"'I didn't want to get involved,' he sheepishly told police."
That was the telling line in the New York Times front page story 44 years ago this month that depicted the brutal slaying of one Kitty Genovese in a Queens, New York neighborhood. The young woman's death illuminated an all-too-familiar attitude in her neighbors. They didn't want to get involved. The circumstances of her death are painful to relate. She was murdered, at random, by a psychotic killer in an attack that lasted an estimated 35-50 minutes, knifed during three separate episodes, sexually assaulted, and left to die. Original newspaper accounts reported that 38 people witnessed the attack, yet did nothing. Subsequent investigation indicates that the number 38 may be an exaggeration; no one person observed the entirety of the attack, as the victim was able to crawl away from her attacker (who left and returned) in an attempt get to her apartment nearby. Notwithstanding, numerous people heard and saw something terribly amiss that early morning in March 1964 and did nothing to aid her or call for help.
The outcry from that event shaped a psychological phenomenon called the "Genovese Syndrome" or the "Bystander Effect." Simply stated, the larger the group of people observing a misdeed, the lesser the chance that anyone will intervene. Numerous psychology experiments since then have confirmed and continue to confirm this reality of human nature. Unfortunately, that phenomenon has not diminished in us despite awareness, study, and other enlightenment. After a June 2007 murder in a Wichita, KS, convenience store, a handful of people stepped over the victim’s body and one person even photographed the victim with a cell phone camera.
There were a few positive developments in the wake of the Genovese tragedy. Police telephonic response systems were improved as a forerunner to the 911 system we know today and the Neighborhood Watch movement grew as a response to this event.

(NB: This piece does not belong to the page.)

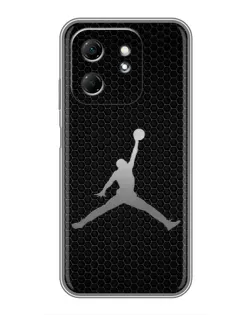 Чехол для Infinix Hot 50i с картинкой «Jordan Dark Carbon»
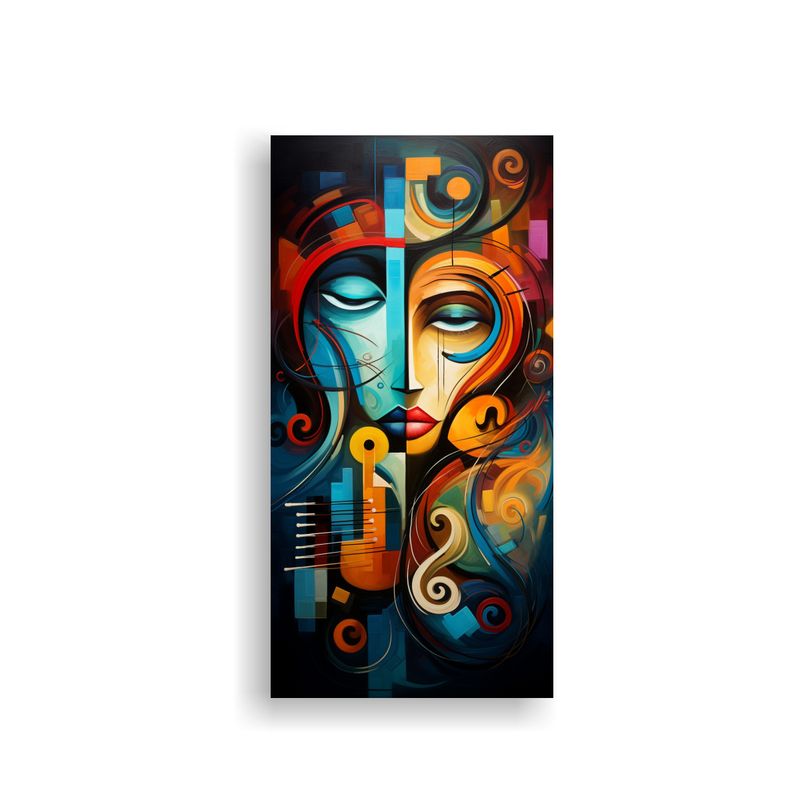 GENERICO - Pintura De Pared Abstracta Con Fusión De 30x60 Cm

Kitty Genovese's roommate and partner Mary Ann Zielonko said in an interview on the 40th anniversary of her death, "…I still have a lot of anger toward people because they could have saved her life. I mean, all those steps along the way when he attacked her three times. And then he sexually assaulted her too, when she was dying. I mean, you look out the window and you see this happening and you don't help. That's—how do you live with yourself, knowing you didn't do anything?"
The question remains for us all.
Genovese’s murderer, Winston Moseley (a 29 year-old at the time, and a husband and father of two), is serving a life sentence at Clinton Correctional Facility in New York State near the Canadian border. He will attend his 14th parole hearing this month.